PROVIDED MATERIAL: Begin

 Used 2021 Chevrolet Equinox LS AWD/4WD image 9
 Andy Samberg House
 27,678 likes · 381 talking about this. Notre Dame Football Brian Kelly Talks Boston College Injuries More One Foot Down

PROVIDED MATERIAL: End

▶ _WHAT YOU SHOULD DO_
Nothing should be returned except the lines from the one holding "Andy Samberg House" through the final line of the listing, exactly as they appear.

▶ _EXERCISE RESULT_
 Andy Samberg House
 27,678 likes · 381 talking about this. Notre Dame Football Brian Kelly Talks Boston College Injuries More One Foot Down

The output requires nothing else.